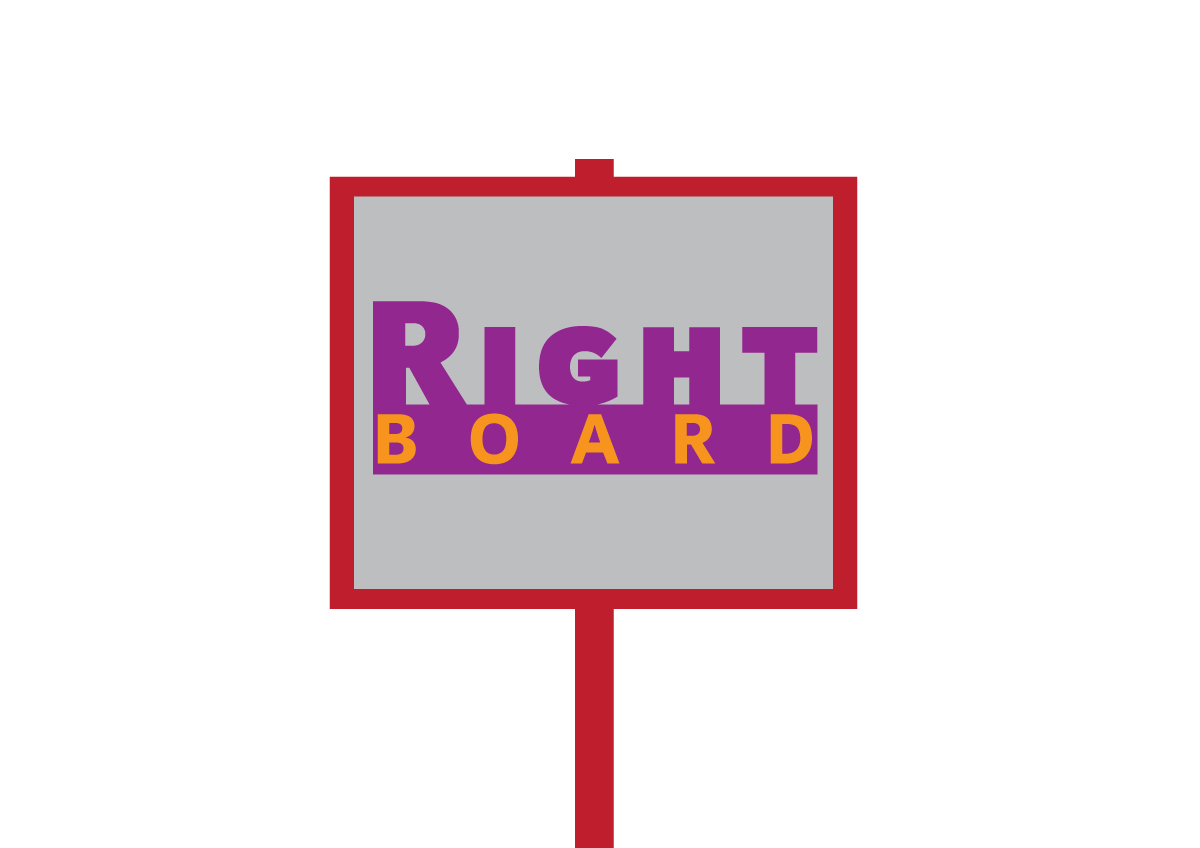 Diseño de Logo por Impressive Solutions para Rightboard | Diseño #11533040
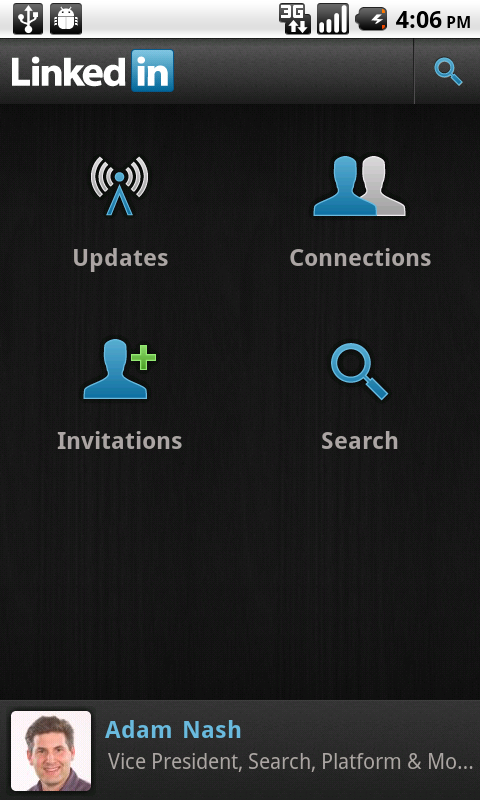 LinkedIn for Android Beta app
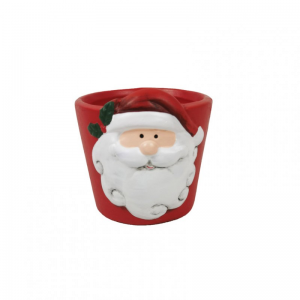 VASO BABBO NATALE D7 H7 cm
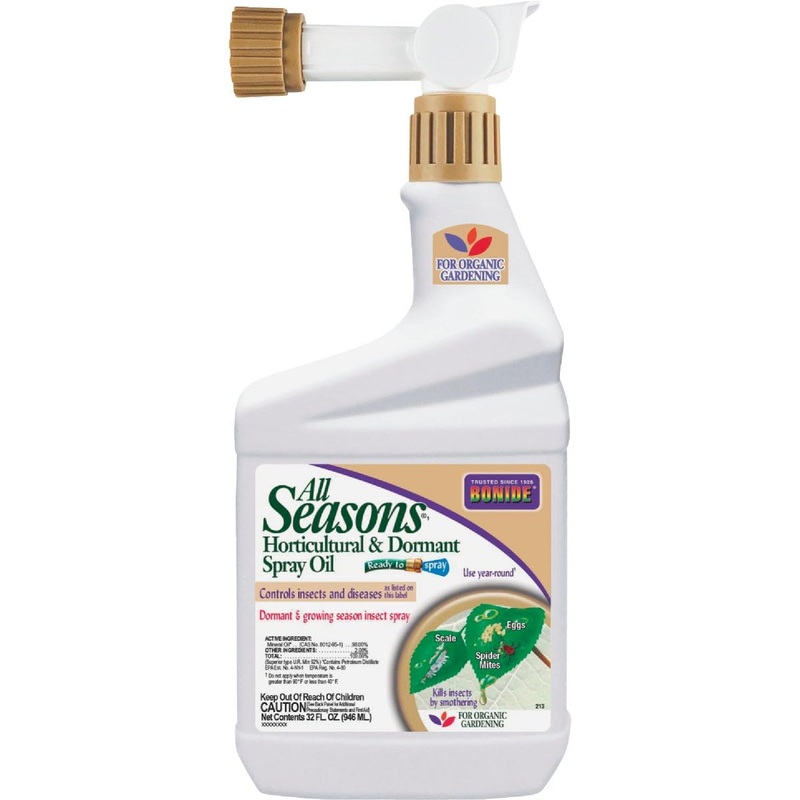 Bonide, All Seasons Horticultural&Dormant Spray Oil, 32 Fl.Oz.
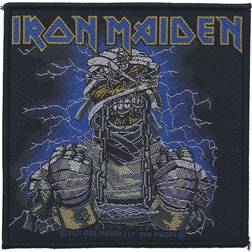 Iron Maiden Powerslave Eddie Patch multicolor Standard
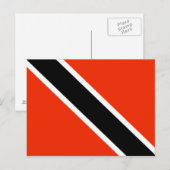 トリニダード・トバゴ ポストカード (正面/裏面)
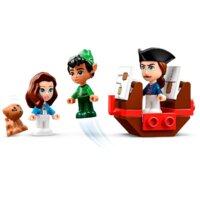 Конструктор LEGO Disney 43220 Приключение Питера Пэна и Венди по сборнику рассказов - Изображение №7 — Chaika Market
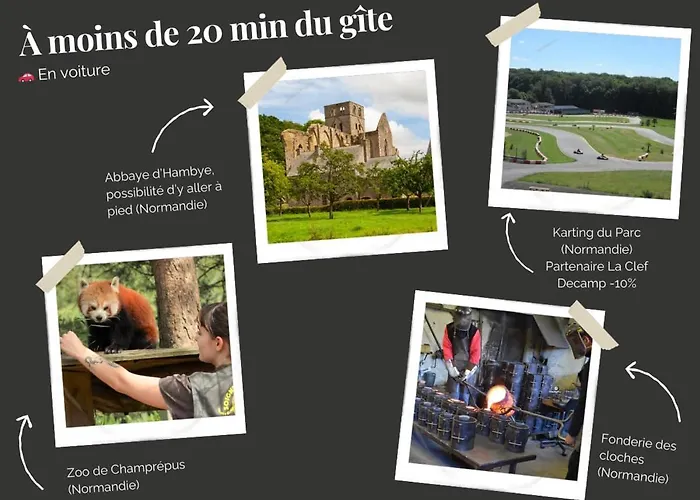 La Clef Decamp La Longere 1750 Piscine Grand Jardin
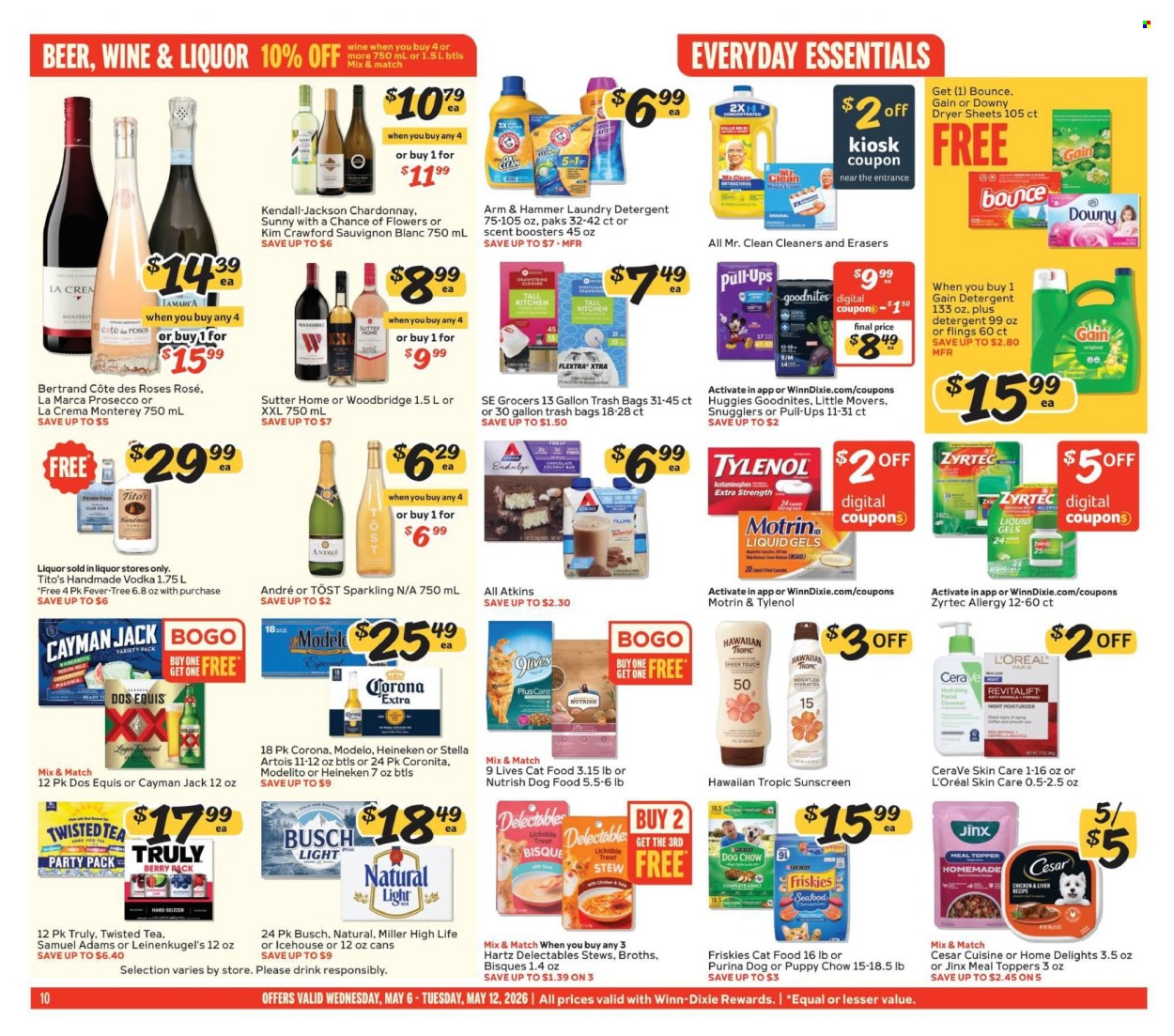 Winn Dixie ad - 05/06/2026 - 05/12/2026. Page 10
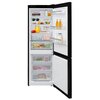 U Lodówka SHARP SJ-BA31IEBGE No frost 186cm Czarna Liczba półek 4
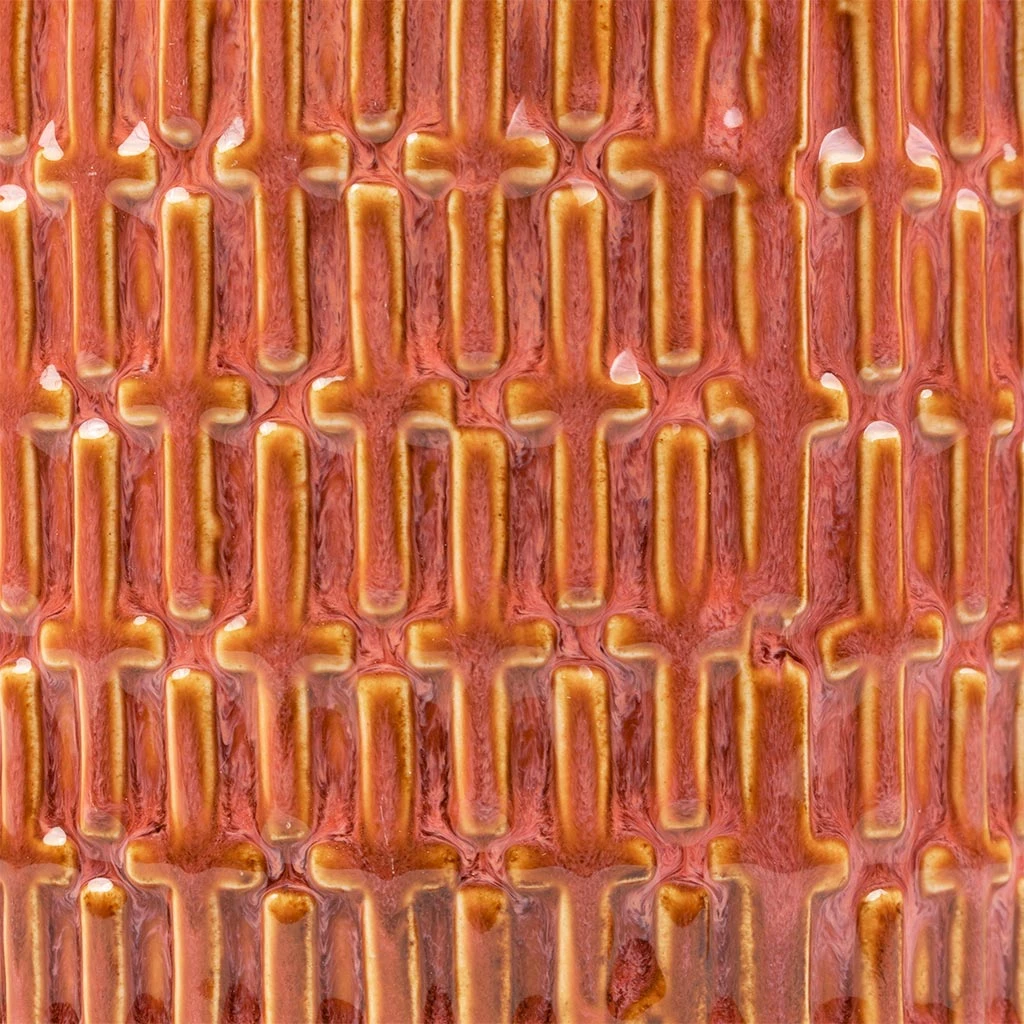 Flor Plant Pot - Orange 6 Flor Plant Pot - Orange - Image 4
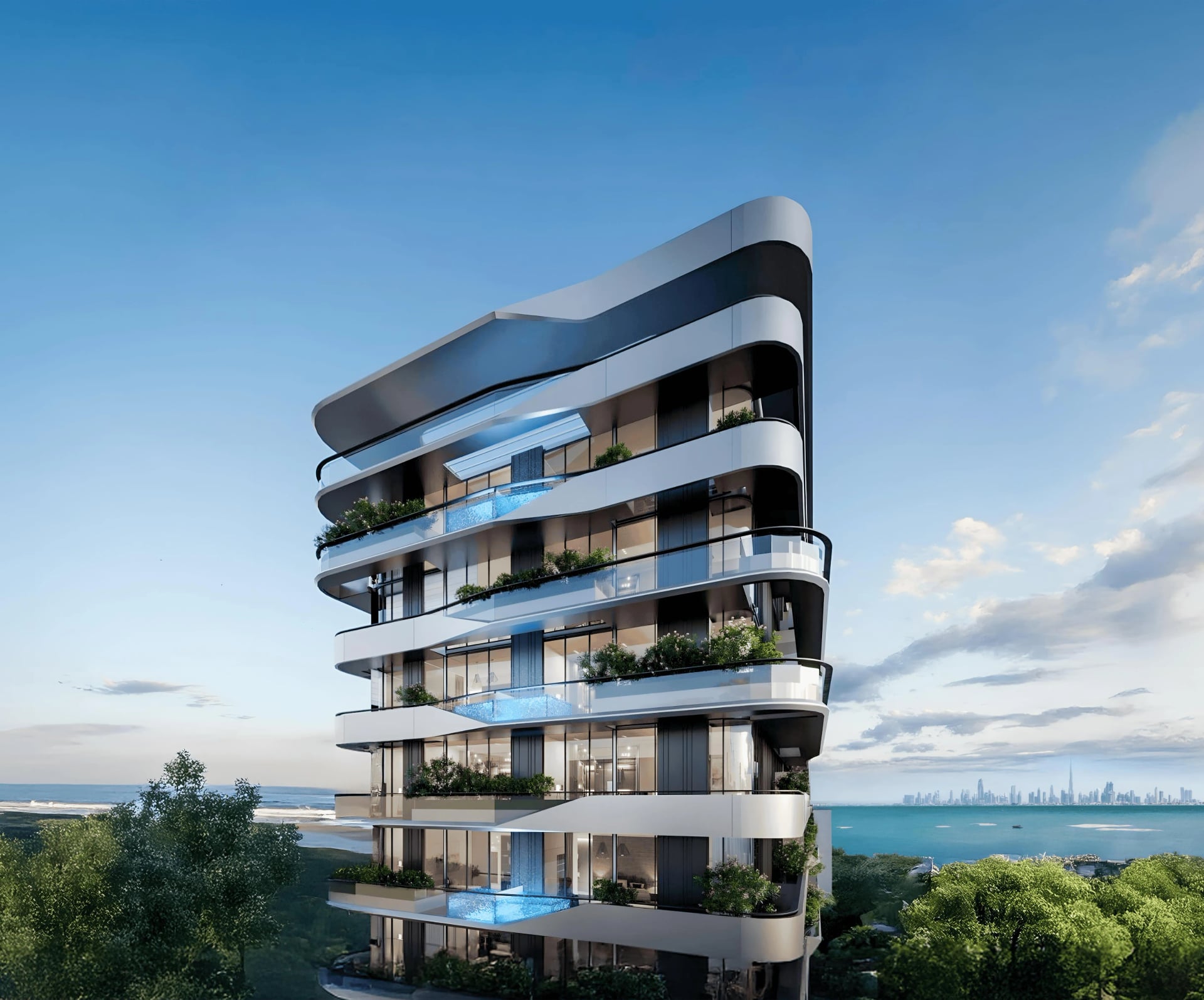Bayview Boulevard by AB Developers, image 2 of 8. Render supplied by developer.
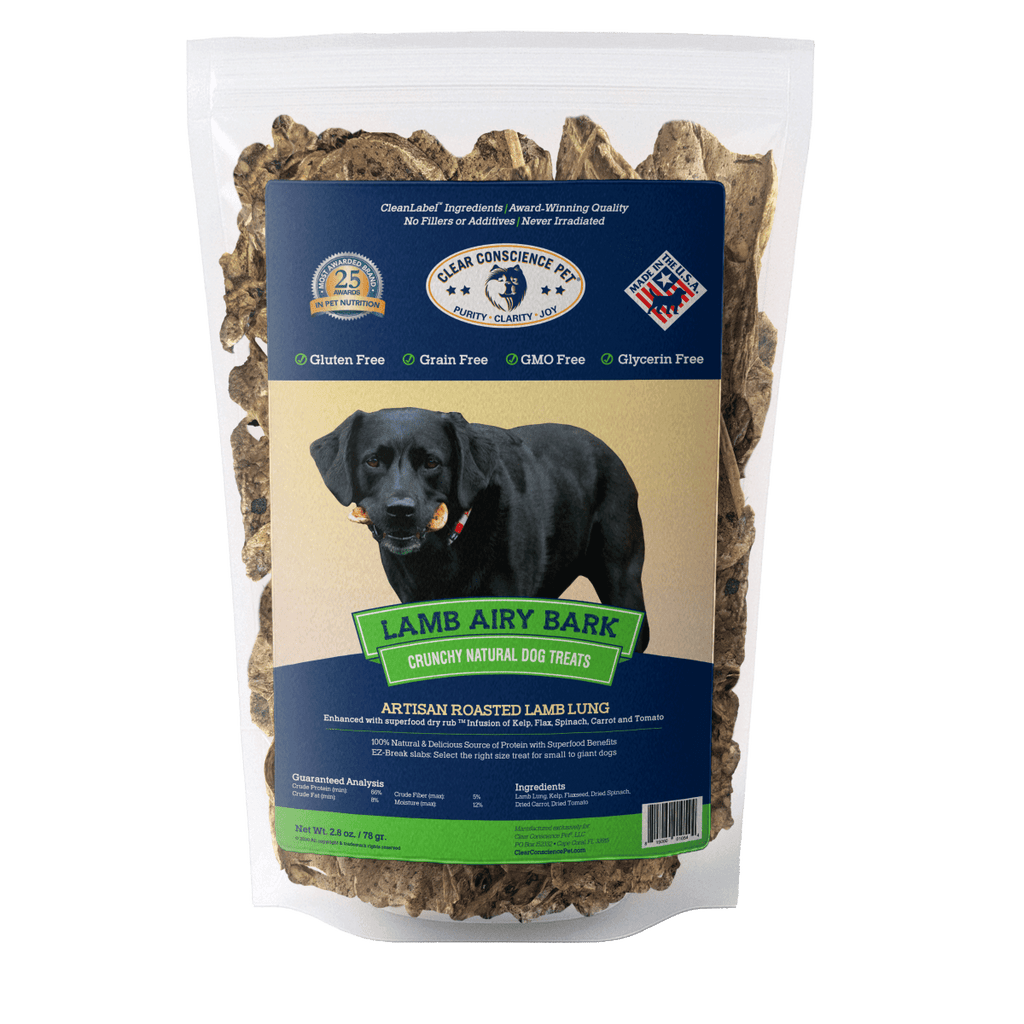 Lamb Airy Bark™ - Clear Conscience Pet
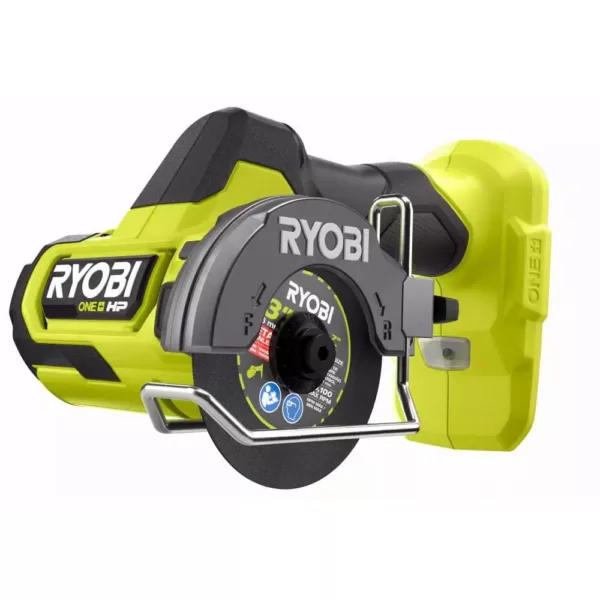 RYOBI ONE+ HP 18V Brushless Cordless Compact Cut-Off Tool (Tool Only)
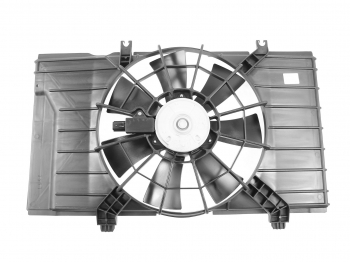 Dual Radiator and Condenser Fan Assembly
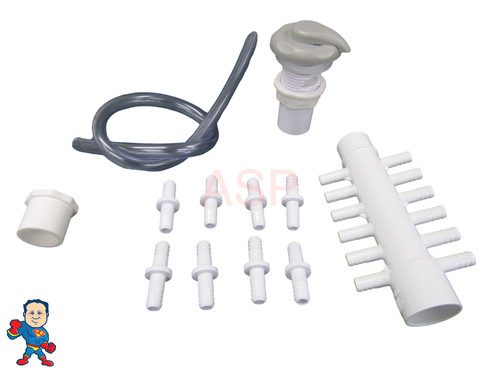 Kit collettore aria e - collettore,
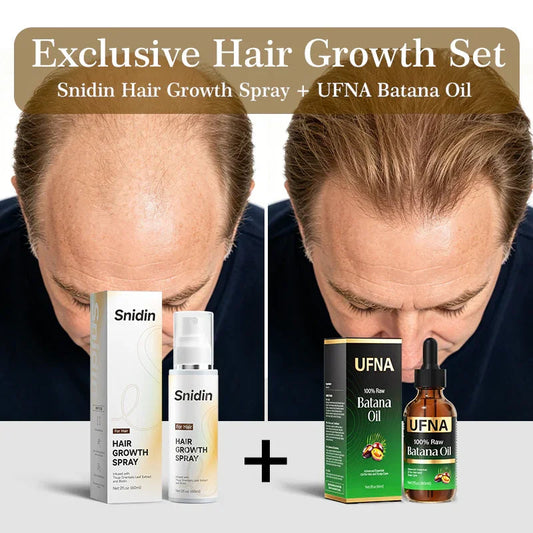 UFNA Batana Oil for Snidin hair growth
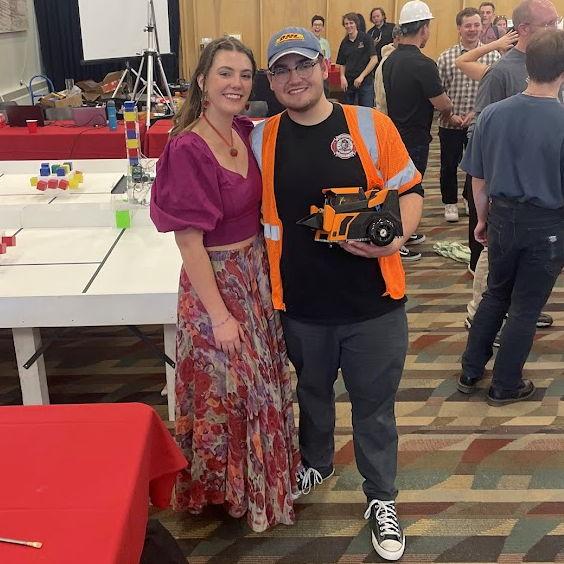 Gavin wins mechatronics competition!
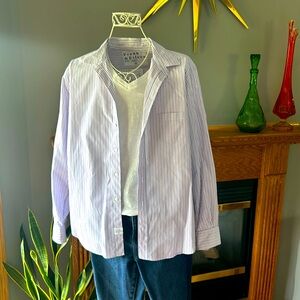 Frank & Eileen Striped Shirt M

....................

*TRY IT:* Retype every entry verbatim and exclude the pictures from the copy.

*OUTPUT BELOW:*
 Diseño de Logo por Impressive Solutions para Rightboard | Diseño #11533040
 LinkedIn for Android Beta app
 VASO BABBO NATALE D7 H7 cm
 Bonide, All Seasons Horticultural&Dormant Spray Oil, 32 Fl.Oz.
 Iron Maiden Powerslave Eddie Patch multicolor Standard
 トリニダード・トバゴ ポストカード (正面/裏面)
 Конструктор LEGO Disney 43220 Приключение Питера Пэна и Венди по сборнику рассказов - Изображение №7 — Chaika Market
 La Clef Decamp La Longere 1750 Piscine Grand Jardin
 Winn Dixie ad - 05/06/2026 - 05/12/2026. Page 10
 U Lodówka SHARP SJ-BA31IEBGE No frost 186cm Czarna Liczba półek 4
 Flor Plant Pot - Orange 6 Flor Plant Pot - Orange - Image 4
Bayview Boulevard by AB Developers, image 2 of 8. Render supplied by developer.
 Lamb Airy Bark™ - Clear Conscience Pet
 RYOBI ONE+ HP 18V Brushless Cordless Compact Cut-Off Tool (Tool Only)
 Dual Radiator and Condenser Fan Assembly
 Kit collettore aria e - collettore,
 UFNA Batana Oil for Snidin hair growth
 Gavin wins mechatronics competition!
 Frank & Eileen Striped Shirt M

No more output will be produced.